Multithreaded file access

Hi…

I’ve a class which is run by many threads at the same time… this
class has to append a line to a text file eventually.

I do this with:

File.new(‘filename’,‘a’).puts(“this is the string”)

Is this already thread safe??? how can I make it so???

Thanks…

Well, I think it’s OK to do that.
Seeing is believing:

first one

a = Thread.new do
5.times do
f = File.new(“qq.txt”, “a”).puts “I am a…”
f.close if f
end
end
b = Thread.new do
5.times do
f = File.new(“qq.txt”, “a”).puts “I am b…”
f.close if f
end
end
a.join
b.join

and this one

f = File.new(“test.txt”, “a”)
a = Thread.new do
5.times do
f.puts “I am a…”
sleep 1
end
end
b = Thread.new do
5.times do
f.puts “I am b…”
sleep 1
end
end
a.join
b.join
f.close

Both program are ok. (But I am not sure myself:)

On Dec 23, 2005, at 12:12 PM, Jellen wrote:

5.times do
5.times do
a.join
b.join
f.close

Both program are ok. (But I am not sure myself:)

Interesting examples, Jellen, but I don’t think it answers Matias’
question, which was

File.new(‘filename’,‘a’).puts(“this is the string”)

Is this already thread safe??? how can I make it so???

Correct me if I’m wrong, but your examples only prove that the thread
on the CPU will be able to append the file. I think Matias wants
to know if the statement ( File.new(‘filename’,‘a’).puts(“this is the
string”) ) is atomic. Or in other words, do you need to enforce
mutual exclusive access to the file with a mutex? Unfortunately, I
don’t have an answer to that question.

On 12/23/05, J. Ryan S. removed_email_address@domain.invalid wrote:

Correct me if I’m wrong, but your examples only prove that the thread
on the CPU will be able to append the file. I think Matias wants
to know if the statement ( File.new(‘filename’,‘a’).puts(“this is the
string”) ) is atomic. Or in other words, do you need to enforce
mutual exclusive access to the file with a mutex? Unfortunately, I
don’t have an answer to that question.

[kig@jugend:~] cat fw_test.rb
def writer(i, fn, ok)
Thread.new{
t_str = “#{i}” * 65536
while ok.first
File.open(fn, ‘a’){|f|
f.puts t_str
}
end
}
end

ok = [true]
fn = ‘fw_test.dat’
ts = (1…3).map{|i| writer i, fn, ok}

sleep 10

ok[0] = false

if File.readlines(fn).uniq.size == ts.size
puts “puts in different threads seems to be atomic”
else
puts “puts in different threads isn’t atomic”
end

File.unlink fn

[kig@jugend:~] ruby fw_test.rb
puts in different threads seems to be atomic

On Dec 23, 2005, at 4:13 PM, Ilmari H. wrote:

end
puts “puts in different threads seems to be atomic”
else
puts “puts in different threads isn’t atomic”
end

File.unlink fn

[kig@jugend:~] ruby fw_test.rb
puts in different threads seems to be atomic

Crafty test program. Coincidentally, my results differ from yours.

$ ruby fw_test.rb
puts in different threads isn’t atomic
$ ruby -v
ruby 1.8.2 (2004-12-25) [powerpc-darwin8.3.0]

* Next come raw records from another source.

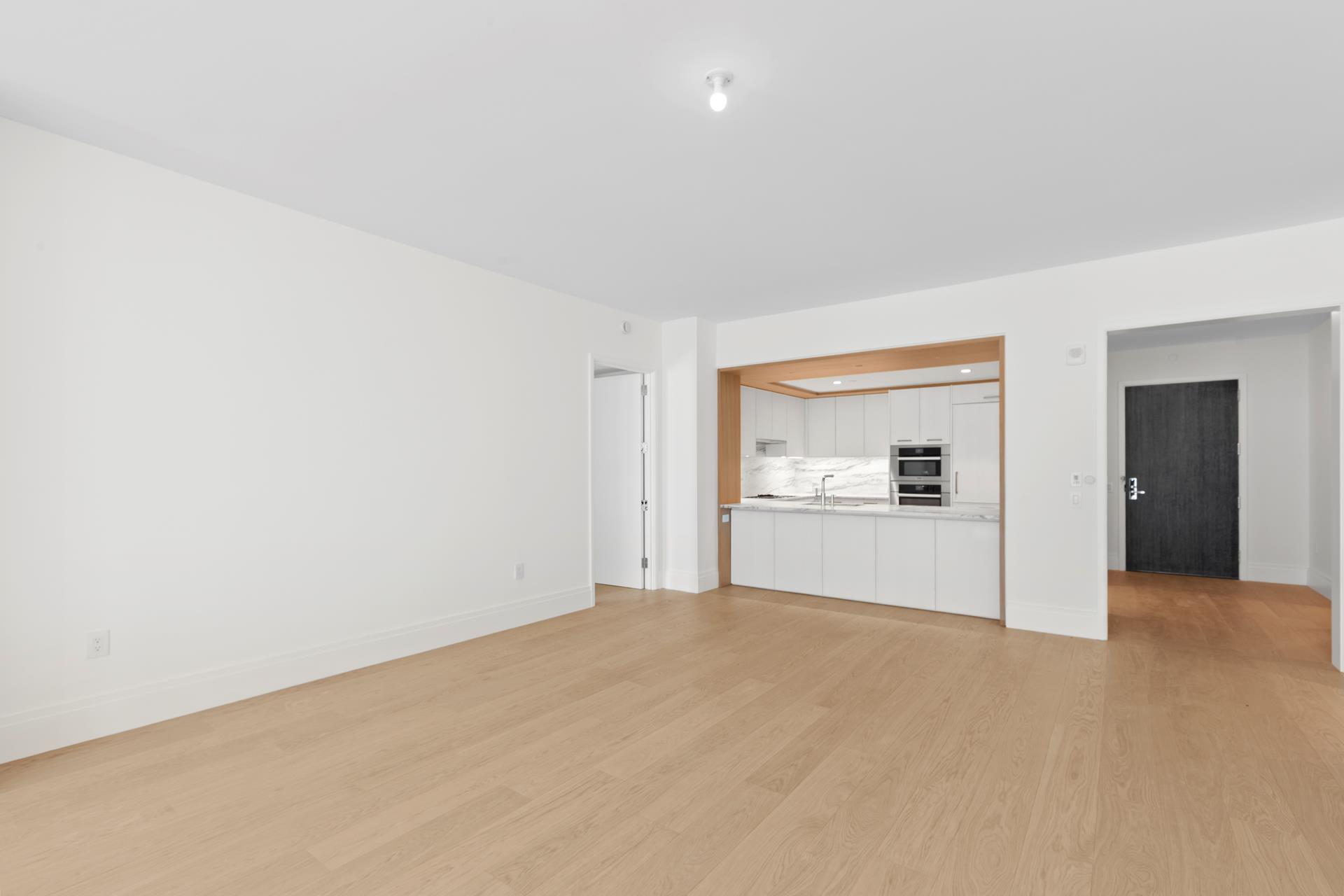 50 West 66th Street, Unit 15E Manhattan, NY 10023 - Photo 5 of 12 a view of a big room with wooden floor and a kitchen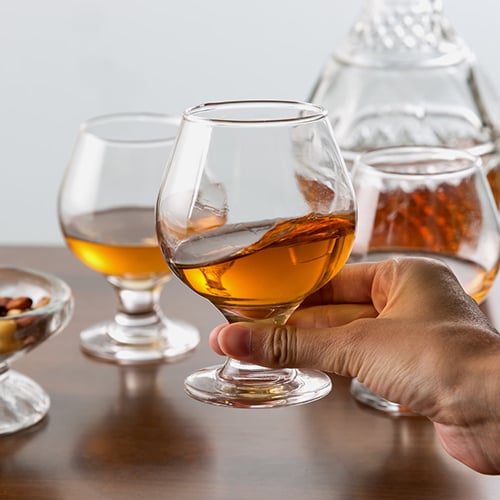 close up of hand swirling brandy in glass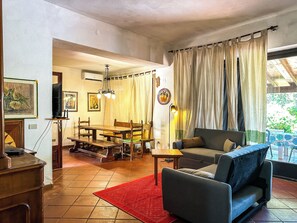 A living room with a sofa, a dining table, and a red rug. - Villa with direct access to the ocean, exclusive 2,000 m² grounds, 3 bedrooms, 2 bathrooms. (Lu Impostu)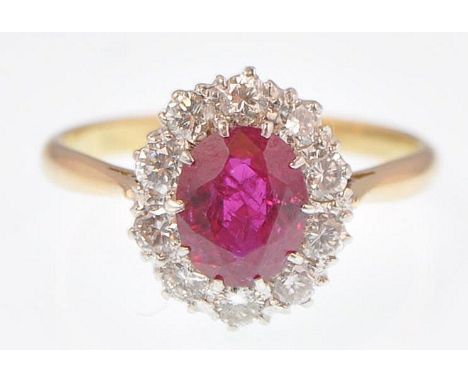An 18ct gold and platinum ruby and diamond cluster ring. The central ruby estimated weight 1.20ct, estimated diamond weight 0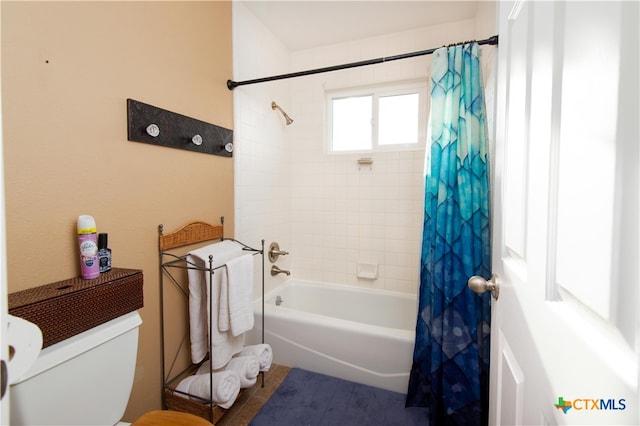 bathroom with toilet and shower / bath combination with curtain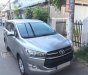 Toyota Innova E 2018 - Bán gấp xe Innova 2018 số sàn màu xám rất mới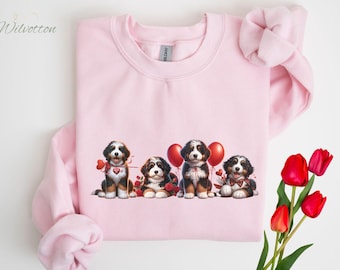 May include: Pink sweatshirt with a graphic of four Bernese Mountain Dog puppies holding hearts and balloons. The puppies are wearing red collars and have black and white fur.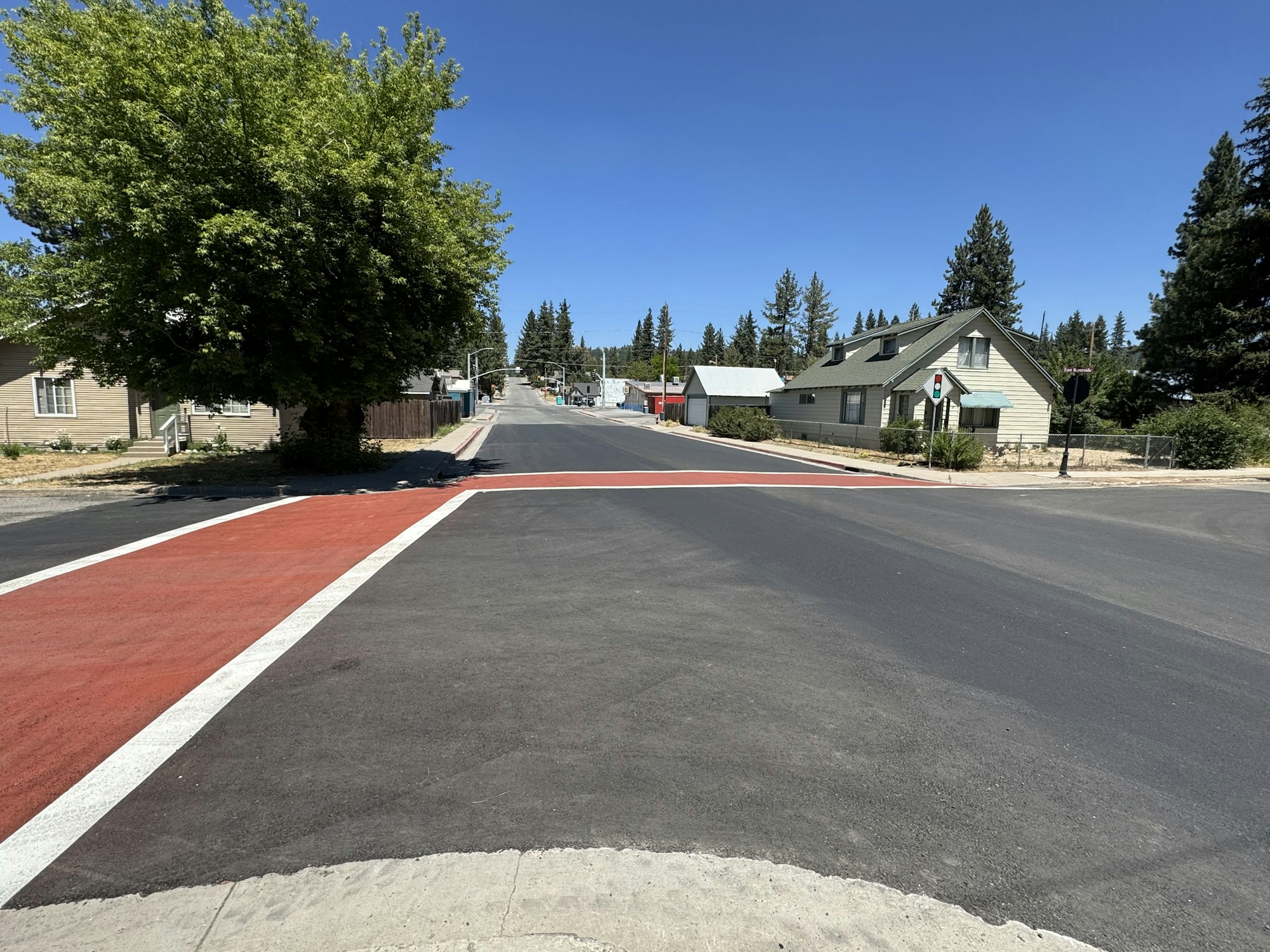 Road intersection with a red crosswalk, houses, trees, and a clear blue sky.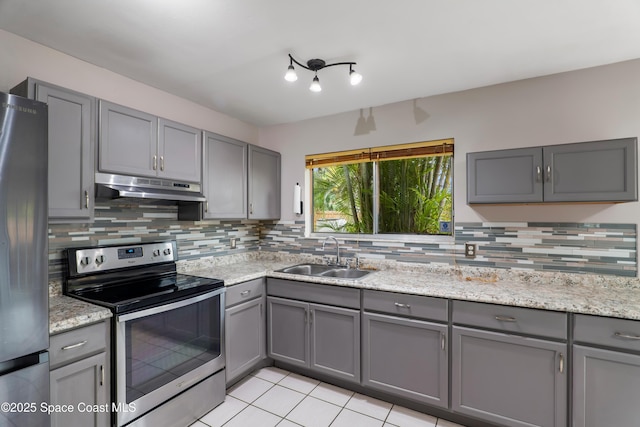 kitchen with appliances with stainless steel finishes, light stone countertops, gray cabinetry, under cabinet range hood, and a sink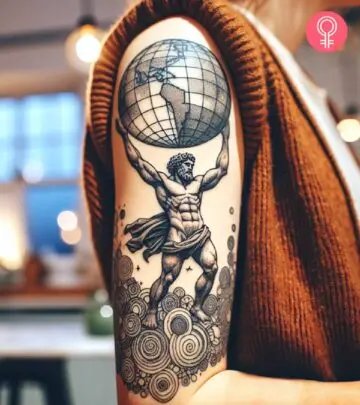 Atlas with the globe tattoo on the upper arm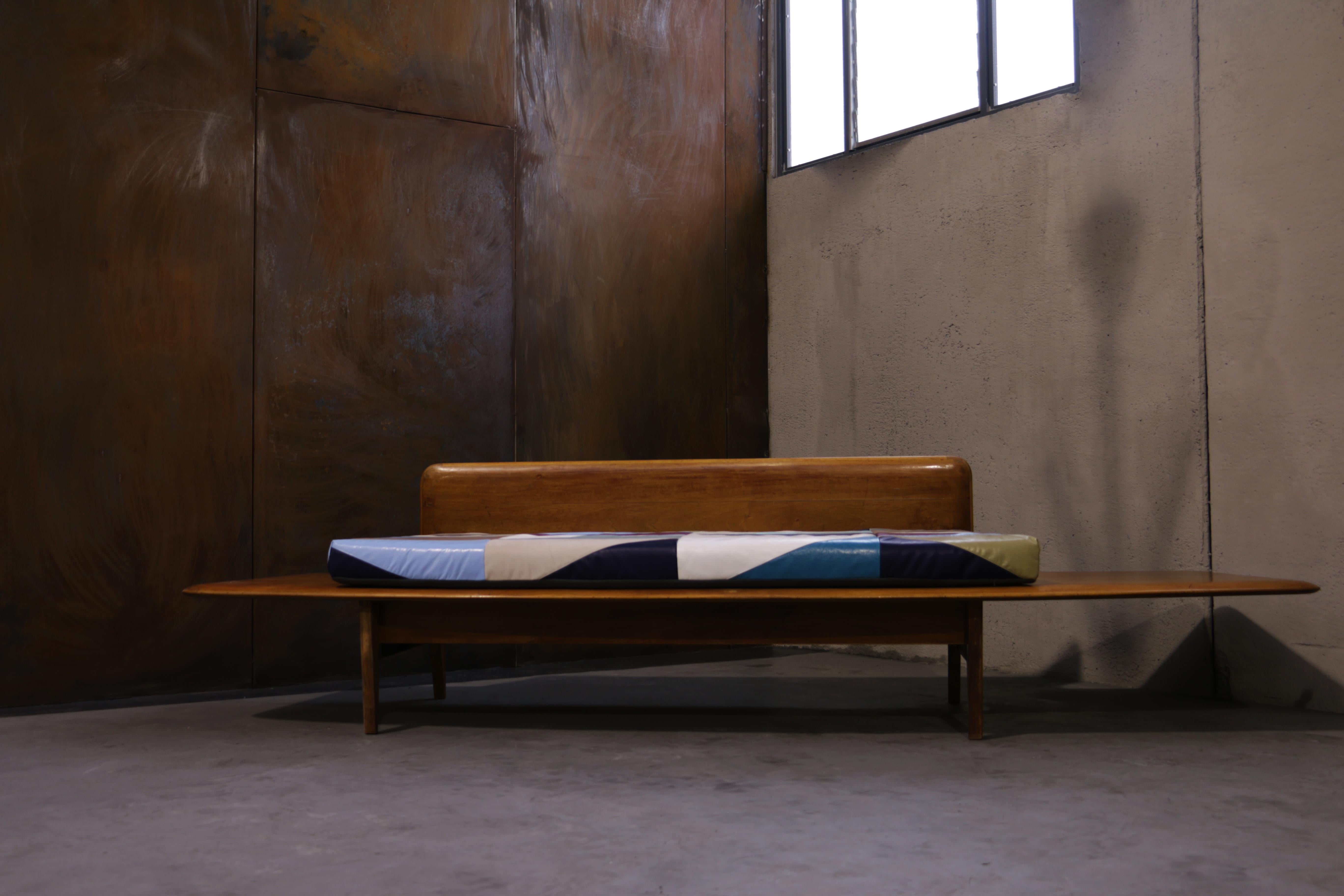 Recycled wood or recycled leather.

Daybed sofa made with an Italian headboard 1950 wood attributed to Gio Ponti, with mattress in vintage leather inspired to the Venetian Burano houses colors.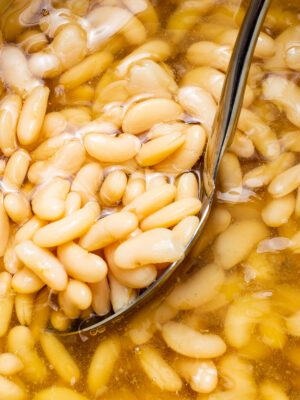 a close up of a bowl filled with white beans in oil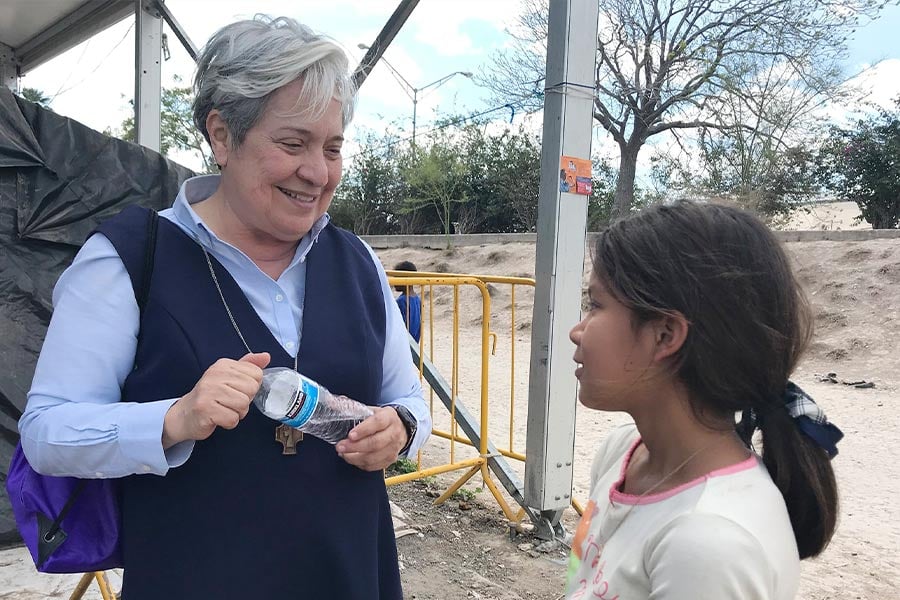 Sister Norma Pimentel, director of Catholic Charities of the Rio Grande Valley in Texas, speaks with a young resident of a tent camp in Matamoros, Mexico.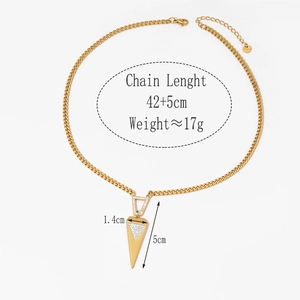 Detail showing the golden layered necklace with arrow pendants and crystal inlay details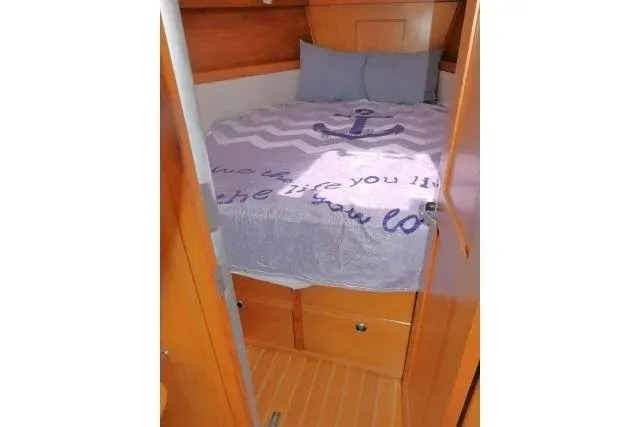 Slide: The Image of Cozy cabin interior of 2001 Catalina 310 sailboat with nautical-themed bedding. - 16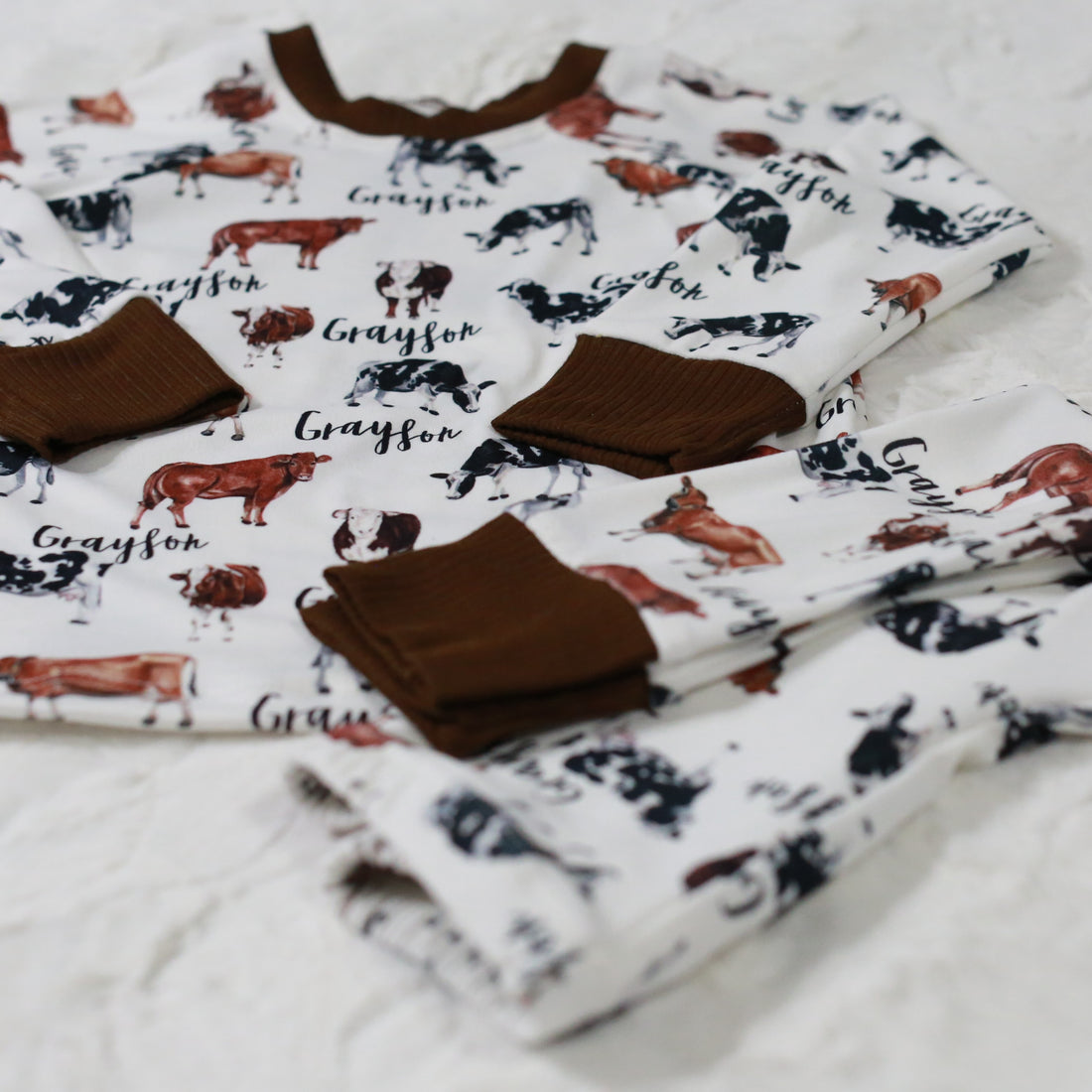 The design on our toddler cow pajamas The pajamas are personalized with a child's name to create a memorable keepsake for years to come.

I’m getting 8 unique lines in File.readlines(fn).uniq, as opposed to
the 3 thread objects in ts. Assuming I understand the program, that
means threads are not waiting their turn like they should. FYI, I’ve
compiled my own ruby executable from DarwinPorts instead of using the
‘broken’ one shipped in OS X Tiger.

However, if I change the multiplication factor in line 3 to 655, then

$ ruby fw_test.rb
puts in different threads seems to be atomic

~ ryan ~

PS - I love the 205+ MB of text this app generates! :smiley:

On Dec 23, 2005, at 5:23 PM, Ilmari H. wrote:

ruby 1.8.2 (2004-12-25) [powerpc-darwin8.3.0]

PS - I love the 205+ MB of text this app generates! :smiley:

Ilmari

Regardless, the important thing is to know that it seems file IO via
puts is not thread safe, which I kind of assumed from the beginning.
This begs the question: which methods, especially concerning file IO,
are thread safe? (if any)

~ ryan ~

J. Ryan S.
escribió:>>> Crafty test program. Coincidentally, my results differ from yours.

Regardless, the important thing is to know that it seems file IO via
puts is not thread safe, which I kind of assumed from the beginning.
This begs the question: which methods, especially concerning file IO,
are thread safe? (if any)

~ ryan ~

Hey!!.. I’m now more confused than before posting :smiley:

On 12/23/05, J. Ryan S. removed_email_address@domain.invalid wrote:

On Dec 23, 2005, at 4:13 PM, Ilmari H. wrote:

[kig@jugend:~] ruby fw_test.rb
puts in different threads seems to be atomic

Crafty test program. Coincidentally, my results differ from yours.

$ ruby fw_test.rb
puts in different threads isn’t atomic
$ ruby -v
ruby 1.8.2 (2004-12-25) [powerpc-darwin8.3.0]

Good! I thought it was odd that they seemed to be atomic…

And now we know to mutex disk writes (or use flock.)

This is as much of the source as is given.